Open AccessArticle Enzymatic Synthesis of Unnatural Ginsenosides Using a Promiscuous UDP-Glucosyltransferase from Bacillus subtilis
Molecules 2018, 23(11), 2797; https://doi.org/10.3390/molecules23112797
Received: 12 October 2018 / Revised: 24 October 2018 / Accepted: 25 October 2018 / Published: 28 October 2018
PDF Full-text (3004 KB) | HTML Full-text | XML Full-text | Supplementary Files
Abstract
Glycosylation, which is catalyzed by UDP-glycosyltransferases (UGTs), is an important biological modification for the structural and functional diversity of ginsenosides. In this study, the promiscuous UGT109A1 from Bacillus subtilis was used to synthesize unnatural ginsenosides from natural ginsenosides. UGT109A1 was heterologously expressed in
[...] Read more.
Glycosylation, which is catalyzed by UDP-glycosyltransferases (UGTs), is an important biological modification for the structural and functional diversity of ginsenosides.
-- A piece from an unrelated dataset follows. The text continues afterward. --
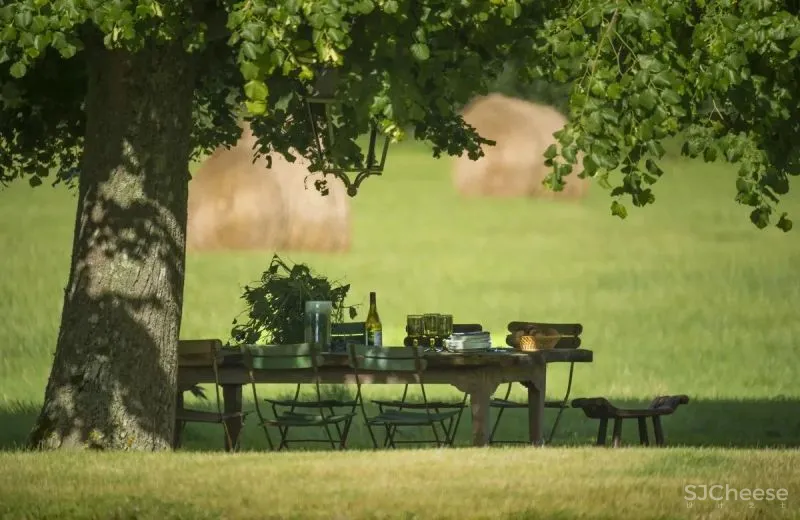 Jean Louis Deniot-法国最受追捧的国际室内设计师之一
In this study, the promiscuous UGT109A1 from Bacillus subtilis was used to synthesize unnatural ginsenosides from natural ginsenosides. UGT109A1 was heterologously expressed in Escherichia coli and then purified by Ni-NTA affinity chromatography. Ginsenosides Re, Rf, Rh1, and R1 were selected as the substrates to produce the corresponding derivatives by the recombinant UGT109A1. The results showed that UGT109A1 could transfer a glucosyl moiety to C3-OH of ginsenosides Re and R1, and C3-OH and C12-OH of ginsenosides Rf and Rh1, respectively, to produce unnatural ginsenosides 3,20-di-O-β-d-glucopyranosyl-6-O-[α-l-rhamnopyrano-(1→2)-β-d-glucopyranosyl]-dammar-24-ene-3β,6α,12β,20S-tetraol (1), 3,20-di-O-β-d-glucopyranosyl-6-O-[β-d-xylopyranosyl-(1→2)-β-d-glucopyranosyl]-dammar-24-ene-3β,6α,12β,20S-tetraol (6), 3-O-β-d-glucopyranosyl-6-O-[β-d-glucopyranosyl-(1→2)-β-d-glucopyranosyl]-dammar-24-ene-3β,6α,12β,20S-tetraol (3), 3,12-di-O-β-d-glucopyranosyl-6-O-[β-d-glucopyranosyl-(1→2)-β-d-glucopyranosyl]-dammar-24-ene-3β,6α,12β,20S-tetraol (2), 3,6-di-O-β-d-glucopyranosyl-dammar-24-ene-3β,6α,12β,20S-tetraol (5), and 3,6,12-tri-O-β-d-glucopyranosyl-dammar-24-ene-3β,6α,12β,20S-tetraol (4). Among the above products, 1, 2, 3, and 6 are new compounds. The maximal activity of UGT109A1 was achieved at the temperature of 40 °C, in the pH range of 8.0–10.0. The activity of UGT109A1 was considerably enhanced by Mg2+, Mn2+, and Ca2+, but was obviously reduced by Cu2+, Co2+, and Zn2+. The study demonstrated that UGT109A1 was effective in producing a series of unnatural ginsenosides through enzymatic reactions, which could pave a way to generate promising leads for new drug discovery. Full article
(This article belongs to the Special Issue Natural Product Enzymes in Biosynthesis and Biocatalysis)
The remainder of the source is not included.